To wind up their “punch,” mantis shrimp use a mechanism known as latch-mediated spring actuation, a process in which energy stored in a spring gets released. Think about what happens in archery, says coauthor Sheila Patek, a biology professor at Duke University. “You could use your arm to throw an arrow, but it wouldn’t go very fast,” Patek says. “However, if you use your arm muscle to put energy into the deformation of the bow, you can store up a lot of energy in the material.” Released with a latch (in this case, your fingers), the energy from the bow launches the arrow. For mantis shrimp, it’s a similar process—when their “latch” muscles relax, just like when your fingers relax on a bow, it allows for stored-up energy to release and propel their forelimb forward.
All mantis shrimp species use this system, but in different ways. Some species are known, delightfully, as “smashers”—they live underneath rocks in coral habitats, foraging for hard-shelled prey like snails and then smashing them open with a hammer-shaped appendage. Others are called “spearers,” tending to burrow into the ground and ambush fish and squid with a kind of built-in spear. Before all of this, however, they each go through various larval stages, at one point floating up to the open ocean to live briefly as see-through plankton before floating back down and into adulthood.

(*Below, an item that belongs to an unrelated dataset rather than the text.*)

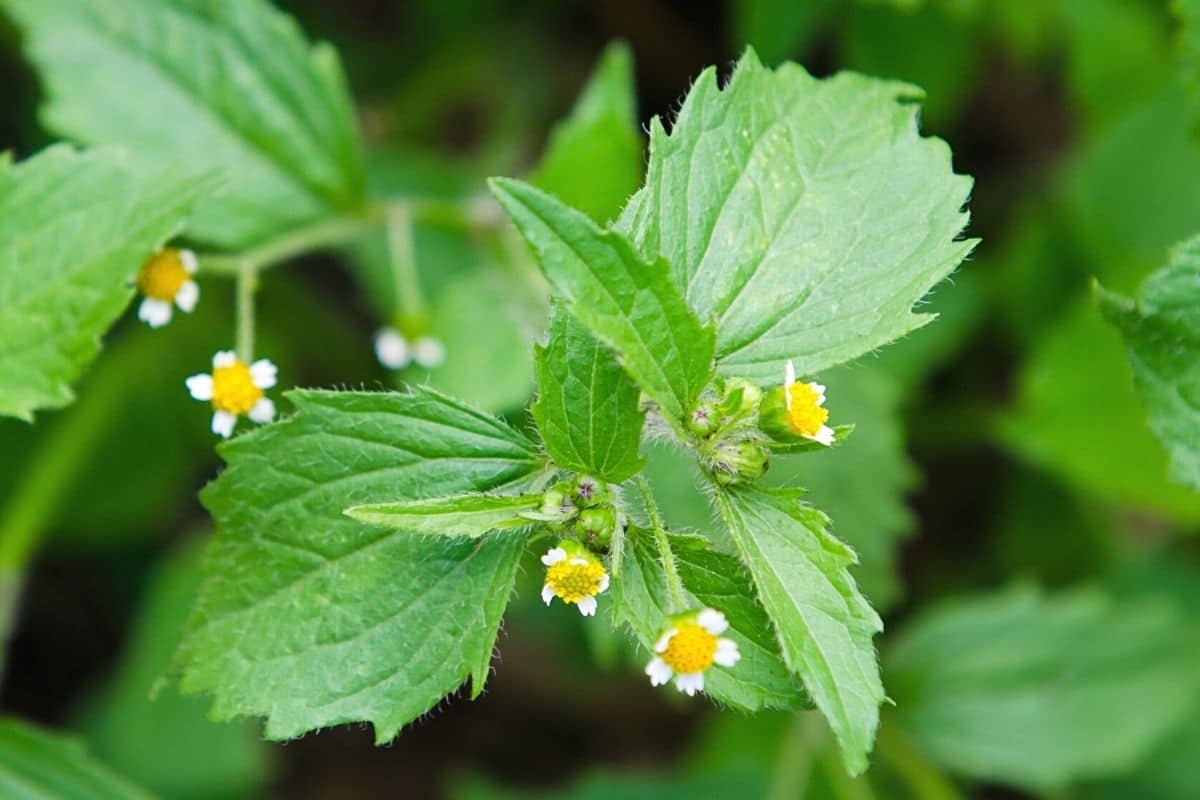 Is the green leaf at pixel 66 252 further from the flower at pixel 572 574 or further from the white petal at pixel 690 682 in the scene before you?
the white petal at pixel 690 682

Harrison, who led this study as a part of his PhD research, collected an egg clutch from a female Philippine mantis shrimp, or Gonodactylaceus falcatus, living in the wild on the island of Oahu in Hawaii. He raised the tiny shrimp in the lab, rearing the eggs on a speed shaker table to keep the water in motion, kind of like a mantis shrimp bassinet.
The researchers found that at the fourth larval stage—when the mantis shrimp larvae float up and become plankton—“that’s when we first started seeing this [punching] behavior,” says Harrison. It was particularly exciting for the researchers that, because the animals were completely transparent at this stage, “you can see all the muscles contracting, and you can see all the mechanisms working.” But capturing this incredibly tiny detail on camera, even using the most advanced technologies, was a challenge, he added. Eventually, they had to glue individuals to a toothpick and poke at them with another, eliciting a defensive punch.
The study’s findings suggest that while the larval strikes were fast—at an average of about 0.9 miles per hour—they were not faster than the adults, as anticipated. “These are incredibly high speeds and accelerations for such a tiny organism, but still not quite as high as you might expect,” says Harrison. They were, however, five to ten times faster than the overall speeds of other comparably-sized species. If these baby mantis shrimp were considerably out-punching their prey, Harrison speculates, “it might be that there’s no selective pressure to get faster.”
It’s also always possible, he says, that in a natural setting and under different circumstances—say, if the larval mantis shrimp were using aggressive strikes, as opposed to defensive ones—they might move at higher speeds.
“This is a very cool study,” wrote Andy Suarez, a professor of integrative biology at the University of Illinois who was not involved in the research, in an email to Popular Science. “Almost everything we know about these stored energy mechanisms in animals comes from the adults of a few species. This study adds to that knowledge by examining a spring loaded system in the juveniles of mantis shrimp, which are much smaller.” Suarez also noted that the study’s findings can help engineers design things like micro-sized high-speed robots or surgical tools.
“This is a really interesting area for understanding how materials can generate extremely fast movements,” says Patek, “and how animals circumvent physical limits.”